Task objective: Leave out the pictures and print the records below exactly.

Crawled caption data:
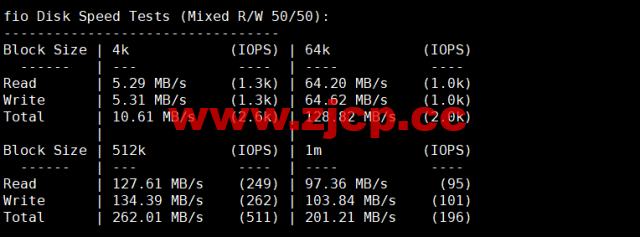 Contabo：德国杜塞尔多夫机房，原生ip，4核/8G/200G SSD或50 GB NVMe/200Mbps带宽起，月付€6.99，解锁tiktok等流媒体，简单测评插图4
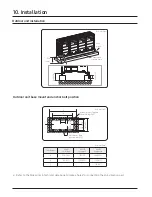 Preview for 71 page of Samsung AM BXVGFH/AA Series Technical Data Book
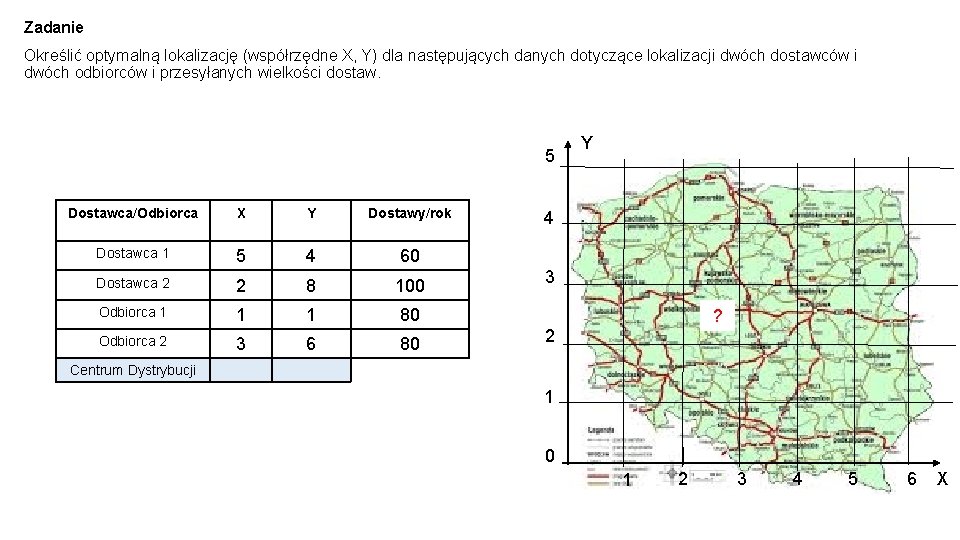 Zadanie Określić optymalną lokalizację (współrzędne X, Y) dla następujących danych dotyczące lokalizacji dwóch dostawców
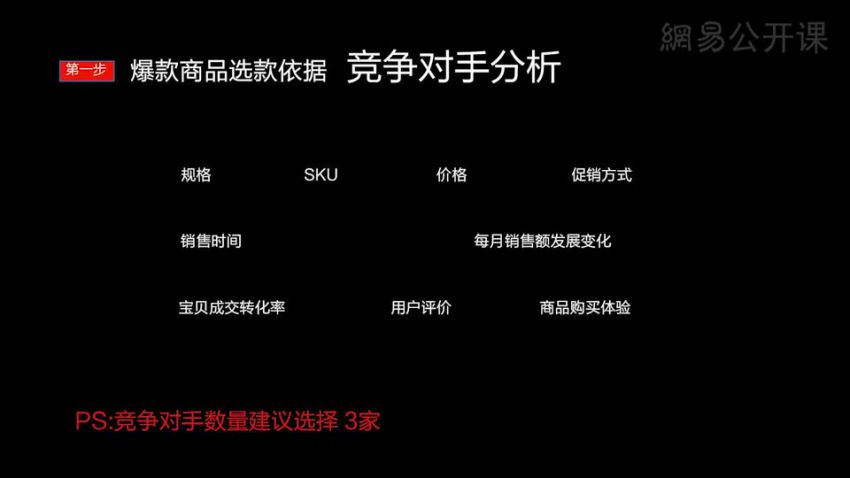 教你3招打造单日销售200W+“爆品”，网盘下载(253.49M)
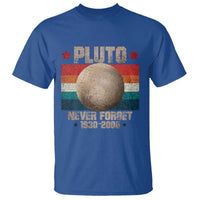 Pluto Never Forget 1930-2006 Planet T Shirt Funny Vintage Retro Astronomy Space - Wonder Print Shop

Solution to this exercise:
 Contabo：德国杜塞尔多夫机房，原生ip，4核/8G/200G SSD或50 GB NVMe/200Mbps带宽起，月付€6.99，解锁tiktok等流媒体，简单测评插图4
 Preview for 71 page of Samsung AM BXVGFH/AA Series Technical Data Book
 Zadanie Określić optymalną lokalizację (współrzędne X, Y) dla następujących danych dotyczące lokalizacji dwóch dostawców
 教你3招打造单日销售200W+“爆品”，网盘下载(253.49M)
 Pluto Never Forget 1930-2006 Planet T Shirt Funny Vintage Retro Astronomy Space - Wonder Print Shop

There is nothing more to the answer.